• _What this task involves_
From the records that follow, return exactly the lines beginning at the one that contains "Pork Chops and" and ending at the one that contains "Vi phạm nồng", pictures left out.

• _Task data_
------------------------------------------------

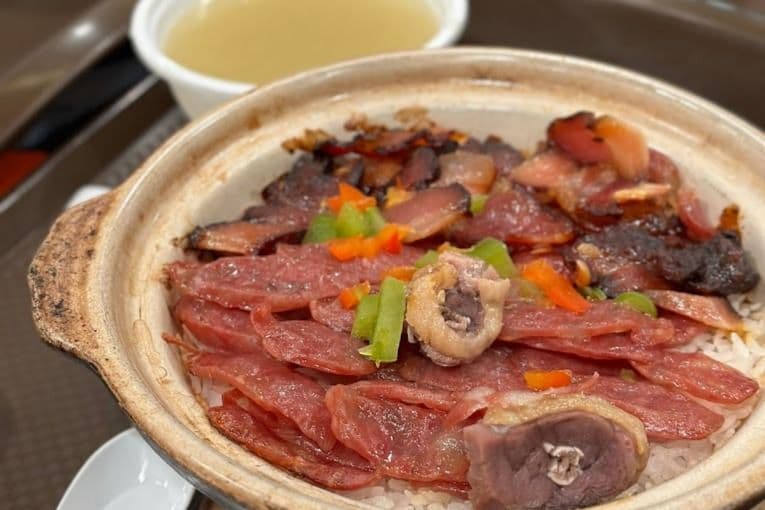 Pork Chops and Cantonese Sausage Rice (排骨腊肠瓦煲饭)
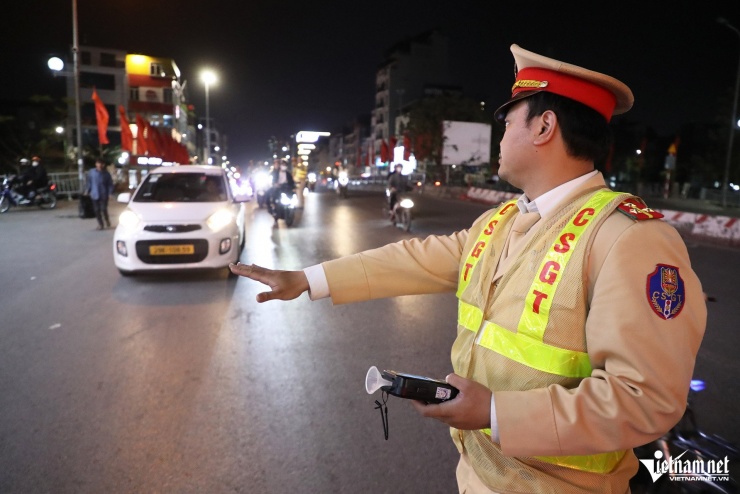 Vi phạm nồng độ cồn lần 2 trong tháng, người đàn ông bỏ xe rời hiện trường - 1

------------------------------------------------

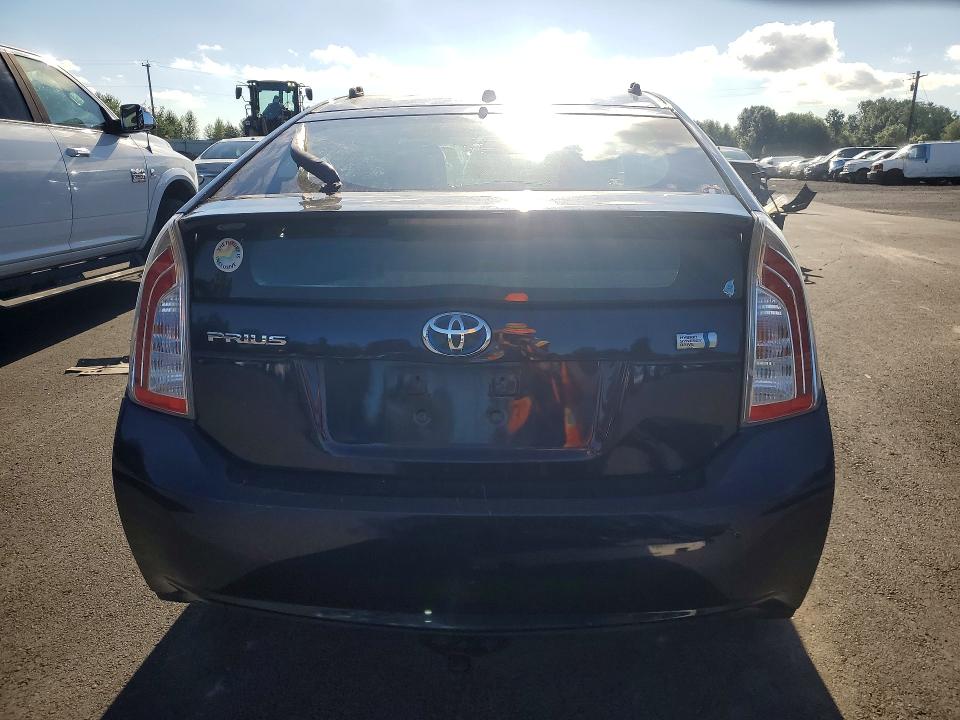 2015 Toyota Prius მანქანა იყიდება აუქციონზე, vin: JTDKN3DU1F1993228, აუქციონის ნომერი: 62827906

------------------------------------------------

• _Exercise output_
 Pork Chops and Cantonese Sausage Rice (排骨腊肠瓦煲饭)
 Vi phạm nồng độ cồn lần 2 trong tháng, người đàn ông bỏ xe rời hiện trường - 1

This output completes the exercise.